Five Fifths Equal One Good Time

Greetings, sportsfans! Bumpers here. You know, there’s a couple of common sayings in Hollyweird. One is that Chevy Chase is an ass. Another is that celebs drink like thirsty horses. So I’d like to announce The First Annual Showman’s Gone Drinkin’ Contest.

The rules are simple. The first Hollywood celebrity or insider that can drink me under the table wins an autographed 8x10-foot mural of The Showman in his prime. I know what you’re probably saying. Why the heck would a Hollywood star want an autographed photo of another Hollywood star? Well, if you’ve never been to Hollywood, you don’t know how these things work.
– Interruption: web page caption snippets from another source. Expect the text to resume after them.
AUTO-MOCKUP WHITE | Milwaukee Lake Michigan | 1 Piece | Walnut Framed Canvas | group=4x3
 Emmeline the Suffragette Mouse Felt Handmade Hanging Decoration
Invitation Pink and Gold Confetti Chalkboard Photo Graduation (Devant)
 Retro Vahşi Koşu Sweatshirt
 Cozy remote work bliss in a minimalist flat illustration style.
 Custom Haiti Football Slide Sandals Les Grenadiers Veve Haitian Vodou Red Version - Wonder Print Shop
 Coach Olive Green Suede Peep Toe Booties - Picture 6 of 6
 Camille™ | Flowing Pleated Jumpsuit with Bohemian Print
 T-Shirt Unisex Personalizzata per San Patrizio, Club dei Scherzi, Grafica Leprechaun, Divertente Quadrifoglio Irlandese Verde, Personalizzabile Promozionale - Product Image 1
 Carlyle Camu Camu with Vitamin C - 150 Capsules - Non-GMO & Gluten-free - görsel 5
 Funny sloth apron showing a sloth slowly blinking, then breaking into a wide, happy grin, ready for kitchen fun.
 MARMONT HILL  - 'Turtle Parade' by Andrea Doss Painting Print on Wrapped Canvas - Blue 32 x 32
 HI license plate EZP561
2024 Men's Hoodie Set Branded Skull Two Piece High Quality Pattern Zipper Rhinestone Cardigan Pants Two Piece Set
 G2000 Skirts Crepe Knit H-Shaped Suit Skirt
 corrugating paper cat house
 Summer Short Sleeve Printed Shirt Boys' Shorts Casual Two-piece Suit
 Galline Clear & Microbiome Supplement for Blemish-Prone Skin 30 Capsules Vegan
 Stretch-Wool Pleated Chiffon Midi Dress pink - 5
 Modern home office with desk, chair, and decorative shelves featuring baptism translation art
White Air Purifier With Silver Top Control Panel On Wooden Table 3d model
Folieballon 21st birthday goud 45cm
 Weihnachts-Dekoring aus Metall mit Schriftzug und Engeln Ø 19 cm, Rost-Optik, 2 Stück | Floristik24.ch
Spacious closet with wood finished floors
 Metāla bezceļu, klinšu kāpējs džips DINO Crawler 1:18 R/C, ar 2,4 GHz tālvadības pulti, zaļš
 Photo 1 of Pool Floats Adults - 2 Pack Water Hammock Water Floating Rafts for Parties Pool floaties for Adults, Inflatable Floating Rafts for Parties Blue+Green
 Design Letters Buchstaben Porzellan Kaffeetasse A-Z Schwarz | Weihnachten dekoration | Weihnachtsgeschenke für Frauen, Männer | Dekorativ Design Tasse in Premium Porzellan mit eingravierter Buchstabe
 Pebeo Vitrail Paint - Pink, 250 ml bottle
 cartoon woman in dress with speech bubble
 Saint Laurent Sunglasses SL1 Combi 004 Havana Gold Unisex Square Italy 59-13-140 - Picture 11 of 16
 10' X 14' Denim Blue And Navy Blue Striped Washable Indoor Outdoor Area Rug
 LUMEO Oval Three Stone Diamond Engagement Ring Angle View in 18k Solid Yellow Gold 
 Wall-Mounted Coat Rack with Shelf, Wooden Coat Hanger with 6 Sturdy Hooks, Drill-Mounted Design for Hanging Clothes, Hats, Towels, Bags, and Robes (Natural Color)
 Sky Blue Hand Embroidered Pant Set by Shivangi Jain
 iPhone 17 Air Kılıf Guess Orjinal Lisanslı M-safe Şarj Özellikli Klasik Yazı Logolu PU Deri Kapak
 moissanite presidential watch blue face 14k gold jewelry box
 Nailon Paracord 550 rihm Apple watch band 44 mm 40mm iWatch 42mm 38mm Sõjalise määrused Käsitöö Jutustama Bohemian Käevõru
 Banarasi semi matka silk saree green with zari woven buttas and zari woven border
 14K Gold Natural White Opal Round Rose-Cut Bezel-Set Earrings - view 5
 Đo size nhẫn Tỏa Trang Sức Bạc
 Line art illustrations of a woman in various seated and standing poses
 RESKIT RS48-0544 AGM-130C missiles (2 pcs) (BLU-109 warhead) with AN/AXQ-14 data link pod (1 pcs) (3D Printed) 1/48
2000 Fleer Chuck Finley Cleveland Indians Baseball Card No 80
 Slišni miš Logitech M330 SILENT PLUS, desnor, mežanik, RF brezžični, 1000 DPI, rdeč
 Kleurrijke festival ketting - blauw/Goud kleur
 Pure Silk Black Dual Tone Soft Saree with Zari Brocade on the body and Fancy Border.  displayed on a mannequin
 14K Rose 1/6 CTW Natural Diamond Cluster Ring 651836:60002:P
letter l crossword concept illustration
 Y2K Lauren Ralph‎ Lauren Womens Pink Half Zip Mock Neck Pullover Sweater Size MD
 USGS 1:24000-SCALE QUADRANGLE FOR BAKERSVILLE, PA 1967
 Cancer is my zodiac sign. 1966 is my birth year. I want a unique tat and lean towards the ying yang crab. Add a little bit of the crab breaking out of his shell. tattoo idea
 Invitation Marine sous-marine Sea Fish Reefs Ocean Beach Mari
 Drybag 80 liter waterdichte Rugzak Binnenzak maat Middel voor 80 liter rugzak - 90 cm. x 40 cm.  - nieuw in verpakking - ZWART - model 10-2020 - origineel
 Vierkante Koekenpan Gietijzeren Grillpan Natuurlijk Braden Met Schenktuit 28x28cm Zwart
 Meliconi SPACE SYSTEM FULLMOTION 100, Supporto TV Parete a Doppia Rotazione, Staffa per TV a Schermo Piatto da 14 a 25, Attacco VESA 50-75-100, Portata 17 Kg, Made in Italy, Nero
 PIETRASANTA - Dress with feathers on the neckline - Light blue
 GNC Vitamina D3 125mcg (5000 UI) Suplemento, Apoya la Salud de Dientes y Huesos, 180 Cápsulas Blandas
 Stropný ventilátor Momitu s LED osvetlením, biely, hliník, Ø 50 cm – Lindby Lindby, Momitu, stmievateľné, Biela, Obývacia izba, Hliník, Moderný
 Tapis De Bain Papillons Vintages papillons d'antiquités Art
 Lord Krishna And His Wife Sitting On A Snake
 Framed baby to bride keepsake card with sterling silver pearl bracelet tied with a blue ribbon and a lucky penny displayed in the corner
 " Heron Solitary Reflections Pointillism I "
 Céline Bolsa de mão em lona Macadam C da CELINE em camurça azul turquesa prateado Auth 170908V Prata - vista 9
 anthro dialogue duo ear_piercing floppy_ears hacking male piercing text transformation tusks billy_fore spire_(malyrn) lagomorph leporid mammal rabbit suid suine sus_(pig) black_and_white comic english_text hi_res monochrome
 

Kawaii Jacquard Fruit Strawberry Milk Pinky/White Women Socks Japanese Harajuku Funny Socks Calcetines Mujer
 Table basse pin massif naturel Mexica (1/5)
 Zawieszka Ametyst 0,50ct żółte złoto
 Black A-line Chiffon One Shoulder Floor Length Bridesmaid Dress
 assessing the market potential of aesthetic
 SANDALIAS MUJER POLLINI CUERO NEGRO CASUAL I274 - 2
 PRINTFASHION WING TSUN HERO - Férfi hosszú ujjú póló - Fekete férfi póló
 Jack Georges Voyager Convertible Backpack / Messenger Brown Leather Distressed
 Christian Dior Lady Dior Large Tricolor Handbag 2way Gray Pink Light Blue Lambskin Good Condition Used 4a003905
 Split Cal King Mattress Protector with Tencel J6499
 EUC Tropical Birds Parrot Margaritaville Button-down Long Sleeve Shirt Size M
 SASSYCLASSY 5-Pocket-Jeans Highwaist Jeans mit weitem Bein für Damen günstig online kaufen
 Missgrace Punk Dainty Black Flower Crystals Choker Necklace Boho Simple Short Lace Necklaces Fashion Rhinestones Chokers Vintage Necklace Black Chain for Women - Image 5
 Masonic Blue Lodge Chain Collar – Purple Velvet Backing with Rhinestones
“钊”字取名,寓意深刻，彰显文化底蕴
The event will be held this Sunday, starting at 11:00 a.m. at the gazebo on the southwest corner of my estate. Which will be nice, because I haven’t been to that part of my vast property in ages. The contest is a round-robin, double elimination tournament that should be over by around 9:30 that same evening or so.

Tickets go on sale today. Call Ticketmaster or stop by the estate and Steve will straighten you up. And to make you feel good about buying the tickets, whatever money isn’t spent on booze goes straight to charity.

So put on your favorite drinkin’ hat, and come on out to Rancho de Bumpers Sunday afternoon. I’ve drawn Judge Reinhold in the first round, which is a cakewalk for The Showman because Reinhold is half-Mormon. I should be able to conserve liver capacity for the second round, when I take on the winner of the soggy Ted Kennedy/Ted Danson match.

Some of the key first-round matchups include Gary Coleman/Emmanuel Lewis, Sammy Hagar/David Lee Roth, Jesse Helms/Strom Thurmond, and John Paul Mitchell/Gary Nexus.
Now if you’ll excuse me, I’m gotta go drop the kids off at the pool.

I’m winkin’ at ya, and thinkin’ of ya.